- Given information
______________________________

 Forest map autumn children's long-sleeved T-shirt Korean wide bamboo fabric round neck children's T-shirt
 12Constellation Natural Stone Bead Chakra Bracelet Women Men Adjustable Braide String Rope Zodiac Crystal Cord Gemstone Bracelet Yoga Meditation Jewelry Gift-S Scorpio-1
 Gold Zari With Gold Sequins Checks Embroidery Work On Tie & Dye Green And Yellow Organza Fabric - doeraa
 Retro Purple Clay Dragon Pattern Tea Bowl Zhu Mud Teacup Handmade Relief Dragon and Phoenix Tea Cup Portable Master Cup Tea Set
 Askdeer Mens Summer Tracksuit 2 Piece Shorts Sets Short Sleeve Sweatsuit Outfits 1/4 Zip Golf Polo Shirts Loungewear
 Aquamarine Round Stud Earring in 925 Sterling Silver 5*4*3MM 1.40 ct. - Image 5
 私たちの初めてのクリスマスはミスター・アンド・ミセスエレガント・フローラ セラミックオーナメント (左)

______________________________

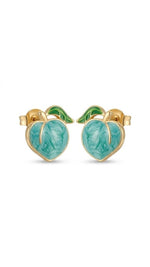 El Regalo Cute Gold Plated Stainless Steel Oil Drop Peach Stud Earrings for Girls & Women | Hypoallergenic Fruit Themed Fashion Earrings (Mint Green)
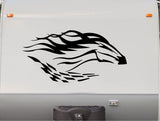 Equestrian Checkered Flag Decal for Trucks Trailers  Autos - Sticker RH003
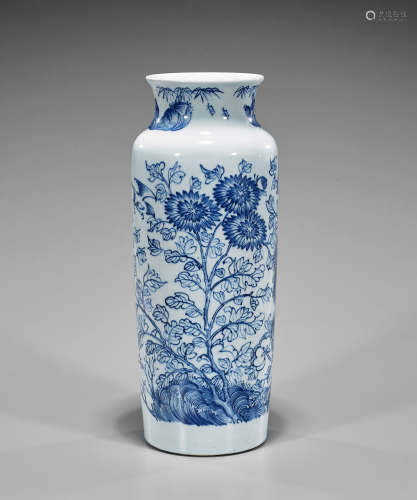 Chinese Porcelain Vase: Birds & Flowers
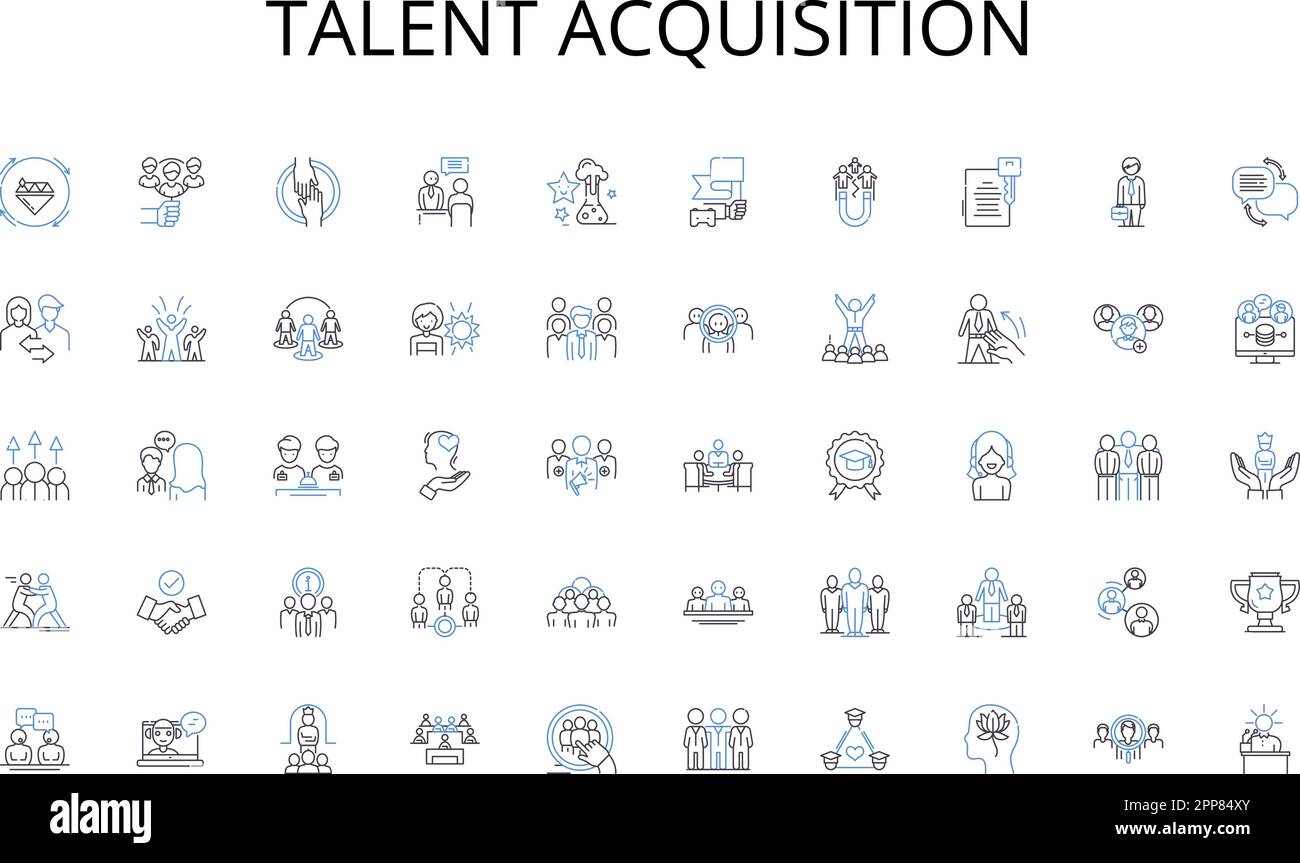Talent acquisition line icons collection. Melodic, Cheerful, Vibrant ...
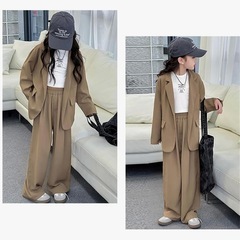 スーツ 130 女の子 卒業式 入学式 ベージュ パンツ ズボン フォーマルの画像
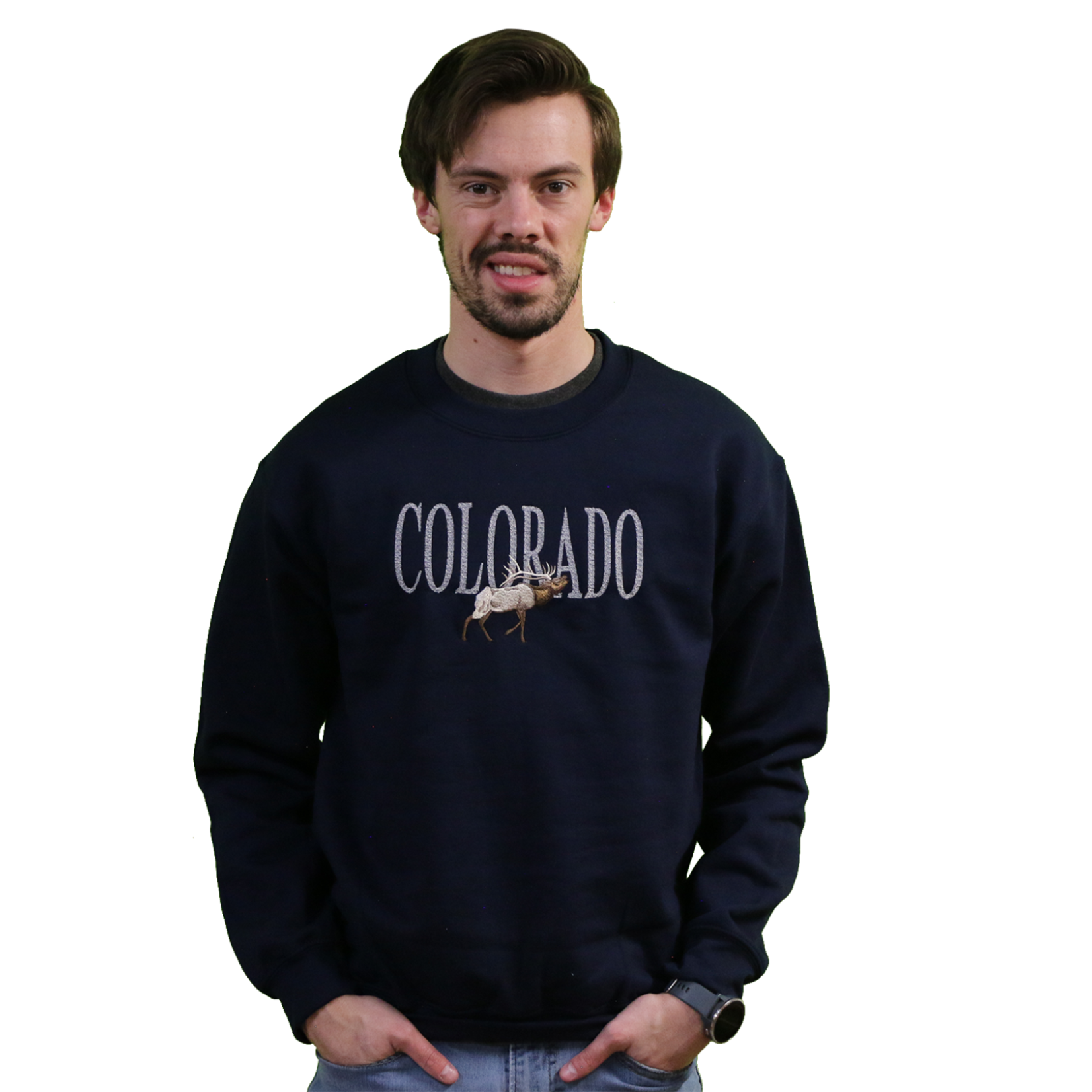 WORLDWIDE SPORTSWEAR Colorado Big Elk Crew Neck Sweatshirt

______________________________

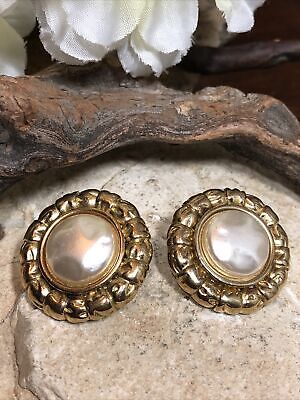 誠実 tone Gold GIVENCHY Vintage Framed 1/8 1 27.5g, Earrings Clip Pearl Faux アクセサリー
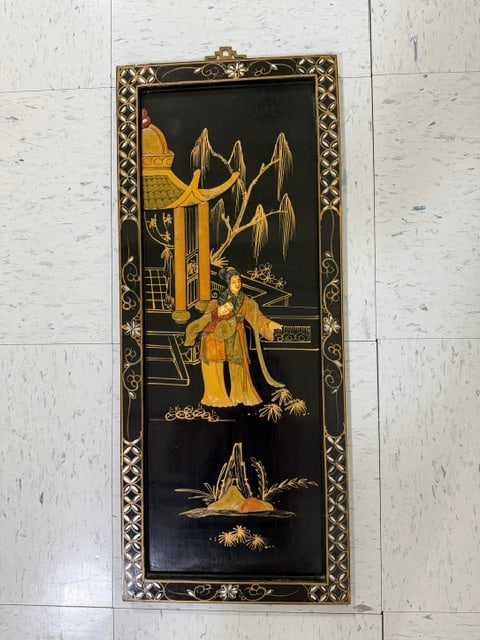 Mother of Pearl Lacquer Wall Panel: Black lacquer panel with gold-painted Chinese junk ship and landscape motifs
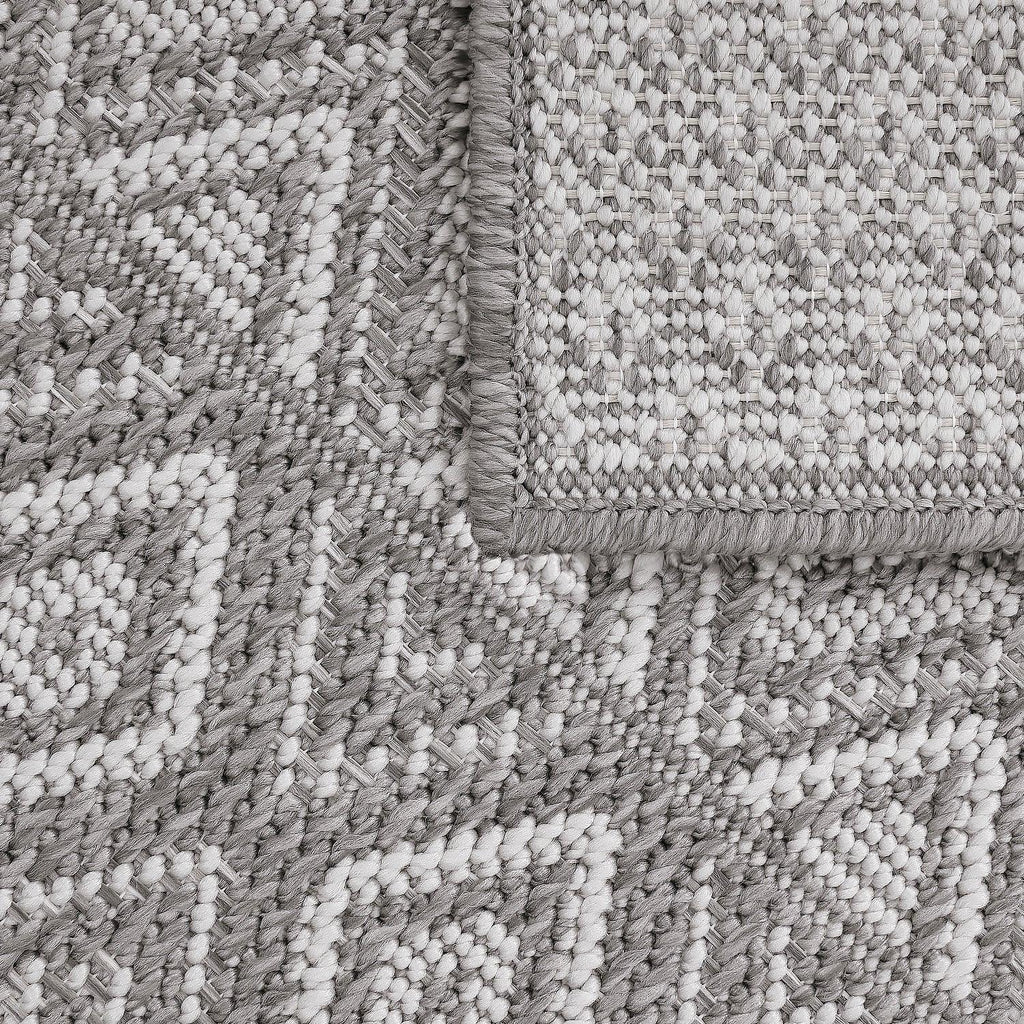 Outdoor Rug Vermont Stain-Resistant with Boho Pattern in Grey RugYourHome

______________________________

- Problem requirements
Look back at the entries above and repeat, unchanged, every line from the line holding "Gold Zari With" through the line holding "私たちの初めてのクリスマスはミスター・アンド・ミセスエレガント・フローラ セラミックオーナメント (左)".

- Reply to the task
 Gold Zari With Gold Sequins Checks Embroidery Work On Tie & Dye Green And Yellow Organza Fabric - doeraa
 Retro Purple Clay Dragon Pattern Tea Bowl Zhu Mud Teacup Handmade Relief Dragon and Phoenix Tea Cup Portable Master Cup Tea Set
 Askdeer Mens Summer Tracksuit 2 Piece Shorts Sets Short Sleeve Sweatsuit Outfits 1/4 Zip Golf Polo Shirts Loungewear
 Aquamarine Round Stud Earring in 925 Sterling Silver 5*4*3MM 1.40 ct. - Image 5
 私たちの初めてのクリスマスはミスター・アンド・ミセスエレガント・フローラ セラミックオーナメント (左)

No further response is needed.